Last week, on an unseasonably warm and sunny Thursday, Scott and I took off work and went for a drive. It was gorgeous out; one of those days when you want to soak up every last second of warmth because you know it won’t be back around for a while. We drove and drove, me with my feet on the dashboard, Scott at the wheel, both of us laughing and singing along with the radio. It was such a relaxing a drive that I almost forgot where we were headed.
The morning my grandmother died I got a call from my mom. She gave me the news and after talking to my husband and my sister and a few colleagues, I decided to go home and be with my family. There wasn’t going to be a funeral right away but I wanted to see my parents and hug my Dad. It felt like the right thing to do. It also felt right to get there as fast as I could. I tried to go fast without going too fast, but that line is a blurry one, especially when the roads are as empty as you’d imagine at mid-morning Wednesday in a rural town. I lost track of my thoughts and before I knew it the all-too-familiar red and blue lights were flashing in my rear view.

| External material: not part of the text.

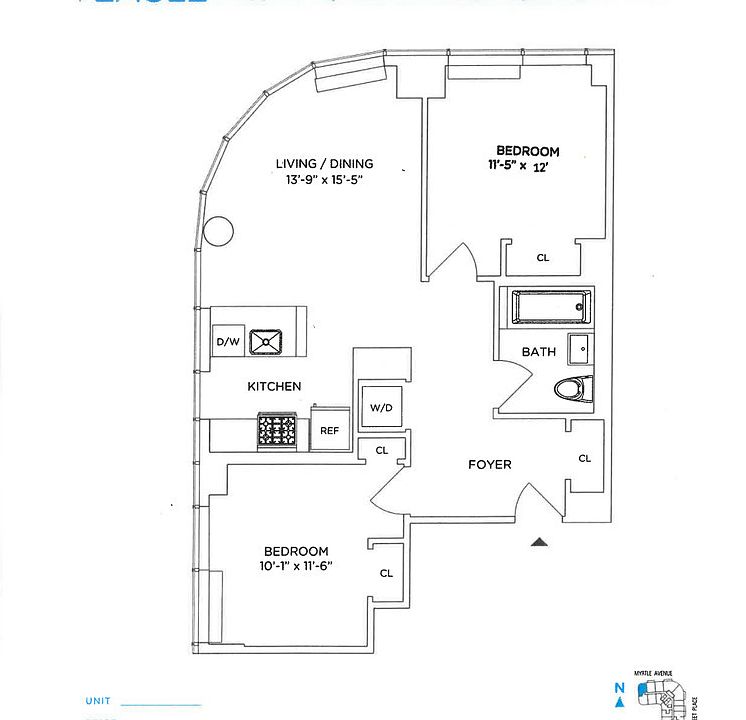 The Eagle Apartment Rentals Brooklyn, NY Zillow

The police officer was about as thrilled to see me as I was to see him, and the second I saw his grimace I knew I wouldn’t tell him why I was driving so fast. He didn’t seem like the type who’d care about the sob story of a young woman in a nice car who somehow wasn’t working on a Wednesday. It didn’t help matters that in my panic I couldn’t find my registration. He coldly handed me a big ticket and drove away, leaving me alone on the side of the road where my emotions came in a flood, albeit one that came far too late to make a difference. Defeated, I called Scott in tears, and he promised that we’d take it to court. He was indignant and strong in the face of my utter helplessness and void of even an ounce of annoyance at the pile of points I’d just added to our insurance. Ever my champion.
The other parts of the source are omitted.